From the records below, transcribe exactly the lines that begin at the line with "Sorry Not Sorry" and end at the line with "Green / Black", both included.

DATA SHOWN —
================

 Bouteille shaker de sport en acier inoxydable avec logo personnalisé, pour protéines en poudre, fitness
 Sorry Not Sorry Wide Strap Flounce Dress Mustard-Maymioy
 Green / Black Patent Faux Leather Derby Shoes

================

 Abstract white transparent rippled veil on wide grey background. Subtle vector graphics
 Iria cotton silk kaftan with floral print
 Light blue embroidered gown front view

================

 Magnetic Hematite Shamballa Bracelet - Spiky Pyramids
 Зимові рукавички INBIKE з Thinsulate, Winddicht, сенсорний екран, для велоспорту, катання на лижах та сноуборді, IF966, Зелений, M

================

EXPECTED OUTPUT —
 Sorry Not Sorry Wide Strap Flounce Dress Mustard-Maymioy
 Green / Black Patent Faux Leather Derby Shoes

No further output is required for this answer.